Cloud infrastructure services spending increased 36% to US$47.0 billion in Q2 2021, as workload migration and cloud native application development accelerated. According to the latest Canalys data, expenditure was over US$5 billion higher than the previous quarter and over US$12 billion more than Q2 2020. The pandemic exposed many economic and operational fragilities over the last 18-months. Organizations across all verticals responded and focused on business resiliency planning, which expedited digital transformation projects and increased cloud consumption. Recovery is underway, but extreme weather events and natural disasters in the first six months of this year have raised concerns over the long-term disruption from environmental risks. A call-to-action to make sustainability central to post-pandemic investments and improve environmental resiliency will further elevate the importance of cloud services.
The environmental impact of the technology sector is under the spotlight as governments, enterprises, consumers, and investors raise sustainability targets and expectations. “Awareness of the energy use and carbon emissions from digital services delivered from data centers operated by cloud service providers is growing. But the leading providers are also at the forefront of environmental resiliency efforts,” said Canalys Research Analyst Blake Murray. “The best practices and technology utilized by these companies will filter to rest of the industry, while customers will increasingly use cloud services to relieve some of their environmental responsibilities and meet sustainability goals.”

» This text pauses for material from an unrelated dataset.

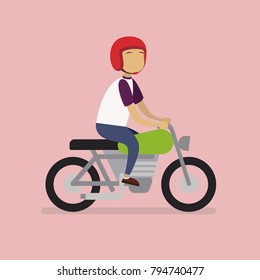 Biker Ride Old Motor Bike Flat Design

The top three cloud service providers, which collectively accounted for 61% of the total spend in Q2 2021, have made progress towards reducing their own carbon footprints and have set aggressive targets to further minimize their future impact. This is critical given the scale of their operations.
Amazon Web Services (AWS) was the leading cloud service provider in Q2 2021 accounting for 31% of total spend after growing 37% on an annual basis. Its parent company Amazon recently announced fourteen new wind and solar energy projects globally and claimed to be the world’s largest corporate buyer of renewable energy, topping 10 GW to date. Some of this energy is used to support AWS data centers, several of which are already carbon neutral. Currently, 40% of Amazon’s operations run on renewables and it plans to be 100% sourced by 2030. AWS plans to power its operations with 100% renewables by 2025.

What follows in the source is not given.